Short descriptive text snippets
+ + + +

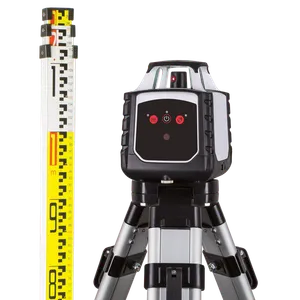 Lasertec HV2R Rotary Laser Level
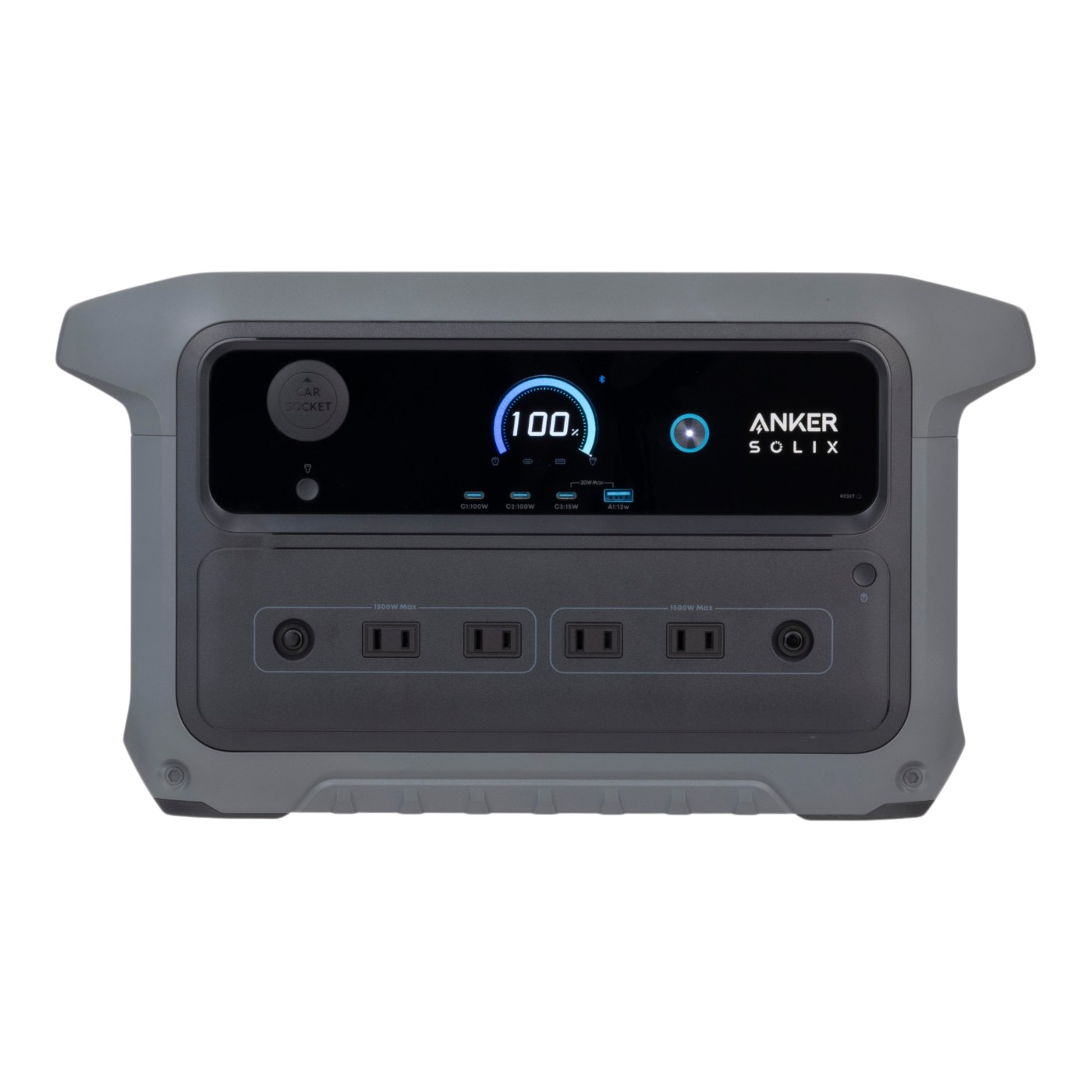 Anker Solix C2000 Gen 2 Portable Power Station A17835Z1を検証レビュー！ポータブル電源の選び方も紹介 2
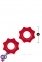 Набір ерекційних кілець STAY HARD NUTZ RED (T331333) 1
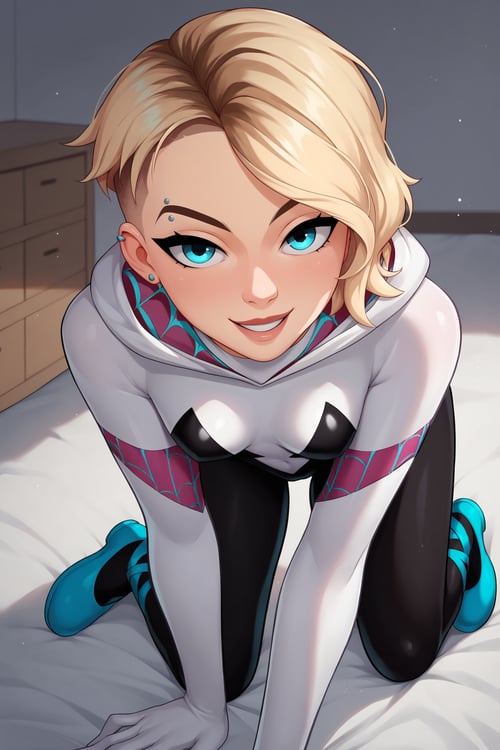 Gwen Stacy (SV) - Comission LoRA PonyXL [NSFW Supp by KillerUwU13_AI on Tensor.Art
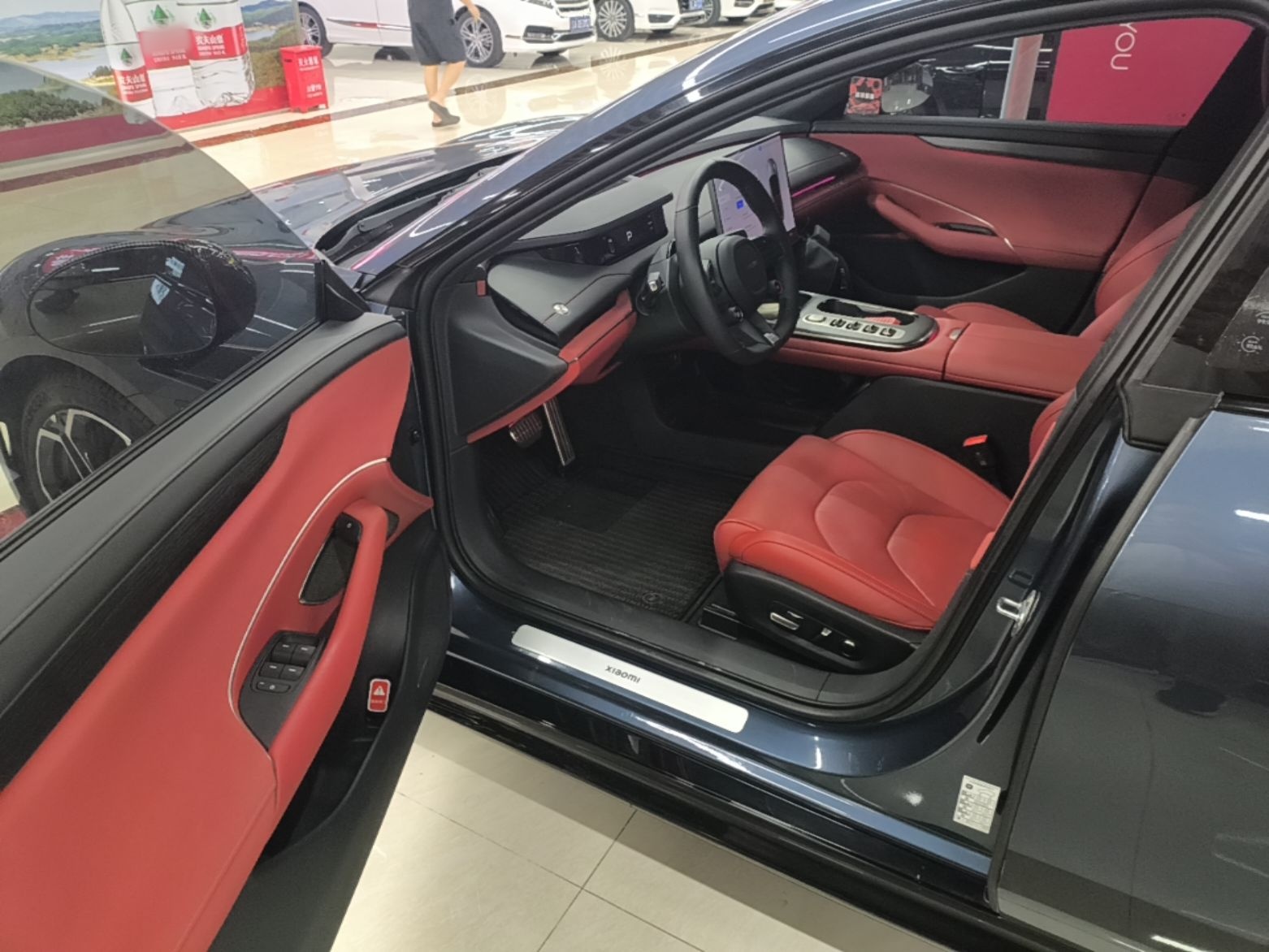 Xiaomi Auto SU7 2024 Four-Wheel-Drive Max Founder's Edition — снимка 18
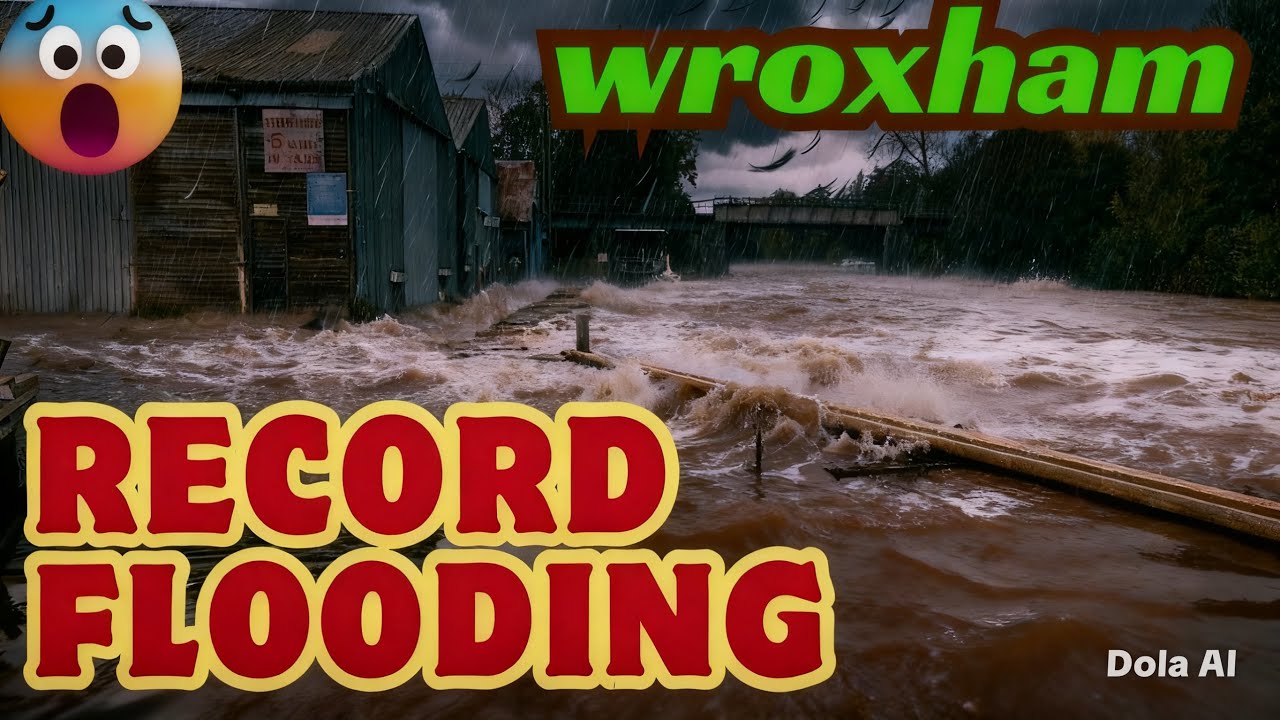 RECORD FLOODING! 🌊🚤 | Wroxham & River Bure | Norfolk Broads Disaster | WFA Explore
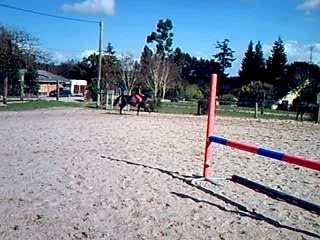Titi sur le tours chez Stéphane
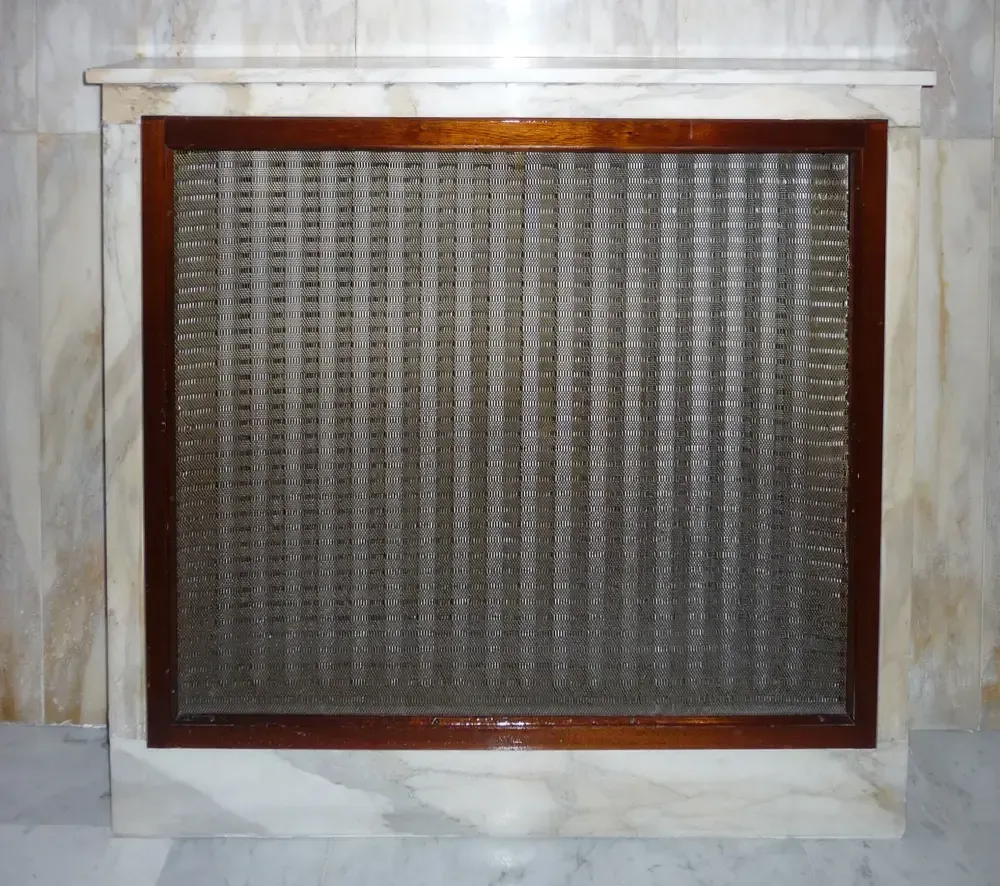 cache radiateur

+ + + +

*Task details:* In the answer, give only the lines from the one containing "Anker Solix C2000" through the end of the records above, each reproduced exactly. Include no pictures.

*Response for this exercise:*
 Anker Solix C2000 Gen 2 Portable Power Station A17835Z1を検証レビュー！ポータブル電源の選び方も紹介 2
 Набір ерекційних кілець STAY HARD NUTZ RED (T331333) 1
 Gwen Stacy (SV) - Comission LoRA PonyXL [NSFW Supp by KillerUwU13_AI on Tensor.Art
 Xiaomi Auto SU7 2024 Four-Wheel-Drive Max Founder's Edition — снимка 18
 RECORD FLOODING! 🌊🚤 | Wroxham & River Bure | Norfolk Broads Disaster | WFA Explore
Titi sur le tours chez Stéphane
 cache radiateur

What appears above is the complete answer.